Is the anti-gang legislation helping break up gangs?
No, it is soft, watered down. Activists and the Opposition is blocking stronger legislation saying it’s going to affect our fundamental rights…if we put laws like that they will call it draconian.
When the Opposition was in government, those carrying a small sidearm firearm were held without bail. Five years later, they are calling for bail for someone with an assault rifle.
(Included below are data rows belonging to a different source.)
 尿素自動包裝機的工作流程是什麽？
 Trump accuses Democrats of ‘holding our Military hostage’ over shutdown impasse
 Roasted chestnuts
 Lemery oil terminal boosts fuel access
We need to go after criminal enterprise, funds, shut down state contracts, recover firearms and send them to jail for 15 years. We have arrested 5,000 people in the last few years and there are 500 main shooters, so we arrest the same shooter over and over again and they go back on the streets. If they are given a 15-year sentence, they can’t kill and the rate go down by half. We arrest them, and you send them back out and then blame the police for the high murder rate.
Today (Friday, July 10), you have received another death threat, how afraid are you?
I’ve received about 30 death threats from the 400-strong criminal cartel in Trinidad sometimes once a month. The day these threats stop, I will be concerned because it would mean I am not doing my job. Having come from the military, I understand I am expendable. I am not going to sit in a tower and be protected and popular and not do the right thing. If doing the right thing puts life on the line, so be it. I hope whoever takes over also does the right thing if that happens. My officers are drained, from Carnival to COVID to riots to preparing for a generation election. Just a thank you from the public and media will go a long way to lift morale. No one has thanked the police even though their ratings are up. The popularity of the police moved from 14 to 30 per cent, mine goes between 76-85. The country is starting to believe in the Police Service I must keep morale up, stand firm and defend those under my command. I will take a hit for my police officers. I have served in the army as a politician and cop. My life is on the line. I could be here in 2024 or not. When I work, every citizen is my boss.